On watching a documentary about the rock history's greatest excesses,
I couldn't help but wonder at the double standards we allow and even celebrate
in certain icons. One story that really brought this to mind was the story of a
competition between glam metal Motley Crue founding members, Nikki Sixx and
Tommy Lee. Apparently both were competing to see how long they could go without
washing and still get sex off groupies. In the end, Sixx won the bet when one groupie
who was giving him oral sex was so overwhelmed by the noxious fumes of his body
odour that she threw up on him. It became an amusing anecdote in rock circles
and fellow glam metallers, Guns 'n Roses even named one of their albums after
it. Some might argue that the groupie in question was a consenting adult and
deserved everything that she got for being such a mindless devotee to fame, but
it's always easy to judge. Seeing the huge numbers of groupies that various
celebrities make their way through, one has to stop and ponder the average age
of them all. Furthermore, given the tribal nature in human beings don't those
positions of influence have some degree of responsibility?
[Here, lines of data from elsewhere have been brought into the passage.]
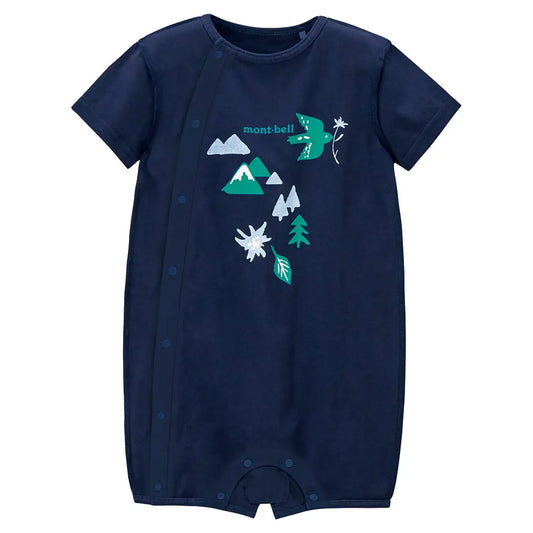 mont-bell: Cotton Rompers Baby's 60 - 70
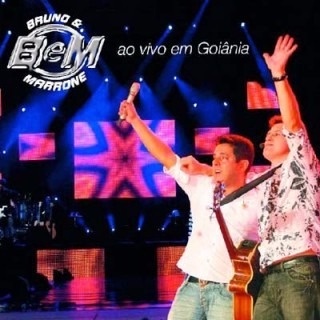 CD Bruno e Marrone - Ao Vivo em Goiânia - Acrílico (Original e Lacrado)
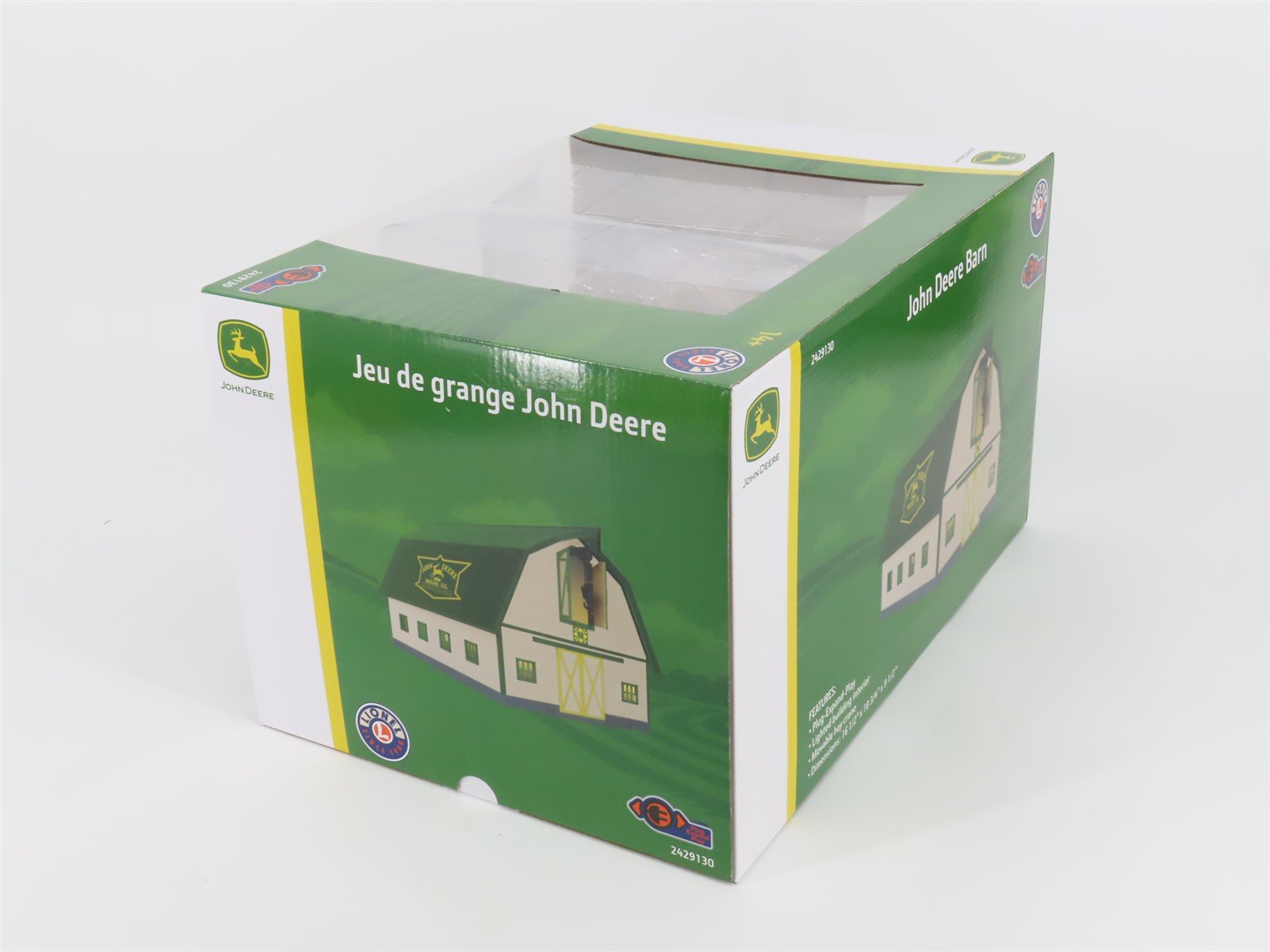 O 1/48 Scale Lionel 2429130 LP86728 John Deere Barn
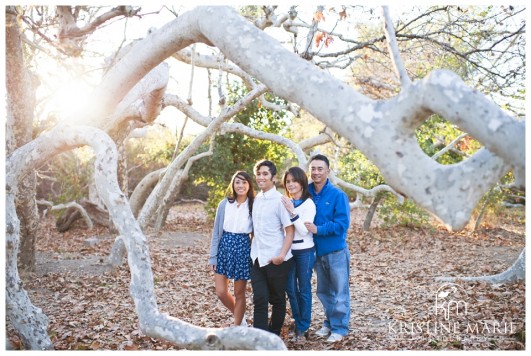 Los Penasquitos Canyon Family Portrait | San Diego Portrait Photographer | Kristine Marie Photography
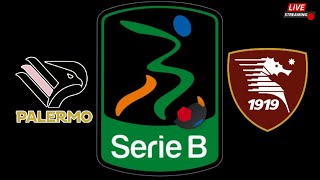 Palermo vs Salernitana  Serie B  8° Turno  🔴 Diretta con Telecronaca  live [upl. by Jez3]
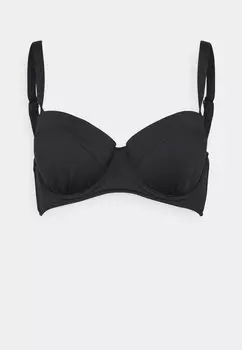 Верх бикини Seafolly, черный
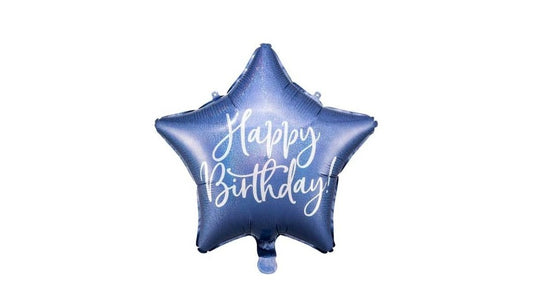 Happy Birthday Helium Balloon
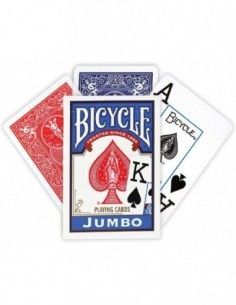 Cartas Bicycle Poker Jumbo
Whenever one thinks about the separate way we might think of an art and artist, the subject of Richard Dadd is an obvious example. One of my favourite authors, Angela Carter, even wrote "Come unto these Yellow Sands", a play based on Dadd's life.
Dadd was incarcerated in 1843 in Bethlehem psychiatric hospital, the place most famously dubbed "Bedlam Asylum", and later in Broadmoor Hospital, which has housed a veritable rogues gallery of British killers. Dadd, who was probably a paranoid schizophrenic, had killed his father believing him to be a demon and later took a razor to kill a tourist en route to Paris. His personality had undergone a dramatic and violent change a year previously whilst on an expedition through Europe and into Egypt. However, once Dadd was under care he began producing some of his most famout work. One particular piece, the unfinished masterpiece "The Fairy Feller's Master-Stroke", has gone on to inspire many other artists from the rock band Queen to the fantasy author Terry Pratchett. Dadd accompanied the work with a long poem he wrote one year after the artist stopped working on the piece. Amid the brilliant, incredible and intricate details of the picture, which have to be viewed as extensions of Dadd's complicated psyche, there is the almost hidden figure of an apothecary holding a mortar and pestle. This is a portrait of Dadd's murdered father, Robert. Few would call into question Dadd's insanity and therefore might absolve him from his violent acts. Few would condemn those who encouraged Dadd to continue with his work as a type of therapy whilst he lived out his incarcerated life. However, how do we judge ourselves when we celebrate this beautiful work?
The examples I have provided are varied in their severity. I
am trying hard not to make comparisons or even suggest an argument. Better
writers have discussed how much fame seems to mitigate the crimes of
celebrities in the eyes of the public and how historical context turns
Alexander into a great conquering visionary and Hitler into the personification
of evil. My aim is to ponder the complexity of trying to separate a work from
its creator. I don't think anyone will arrive at an easy compromise.